At least six students were arrested, two of them bleeding from the head, after violence broke out when the protestors threw at least six fuel bombs from the back row of the 300-strong group. The police threw the fuming fuel bombs back at the students who quickly dispersed. The police then chased the students, beating them up on the way.
The student protestors, carrying sharpened bamboo sticks, had earlier tried to march to the heavily guarded Cendana Street in the affluent Menteng area of central Jakarta where the 78-year-old Suharto lives.
The protesters got as close as 300 metres from Suharto's downtown Jakarta residence, before they were blocked by at least 200 policemen at a roundabout.
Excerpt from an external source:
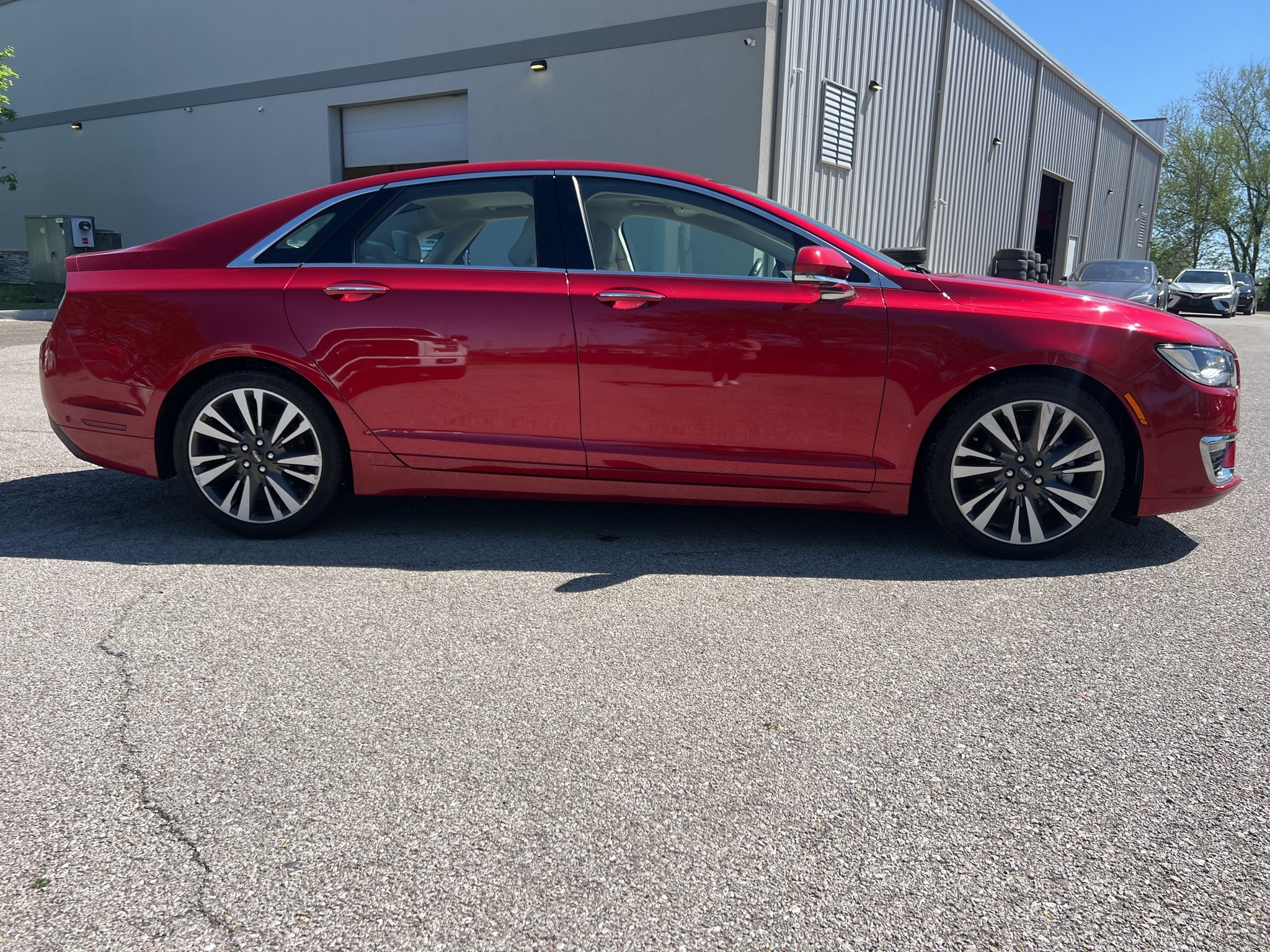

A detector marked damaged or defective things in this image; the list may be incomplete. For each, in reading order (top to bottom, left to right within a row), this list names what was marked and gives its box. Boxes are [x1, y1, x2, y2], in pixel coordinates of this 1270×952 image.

pavement crack [97, 585, 243, 947]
About 20 students, some armed with sharpened sticks, later returned to the site, taunting the police and throwing another fuel bomb.
"Burn Cendana right now," they chanted as more than 100 members of the security forces, armed with batons and shields, watched them. "If we are not allowed to enter ... we will force" our way in, said one of the protestors, a student from the Institute for Social and Governing Sciences who gave his name only as Acil.
By nightfall all the students had left the area. "The police did not start it," said the head of the VIP security command, Lieutenant Colonel Said Aqil, later.
Aqil had told the students to appoint one of their representatives to enter Suharto's house, but the offer was rejected outright by the students, who all wanted to be allowed in.
Major Ricky Wakano, who heads the Central Jakarta police, had warned the students would have "to bear the consequences of your own action," if they persisted in trying to enter the residence.
Almost daily student protests – several of which have turned into violent clashes with troops – have taken place near Suharto's Cendana Street residence in recent weeks as students demand the former president be dragged to court and his assets confiscated for alleged corruption and abuse of power during his three decades in power.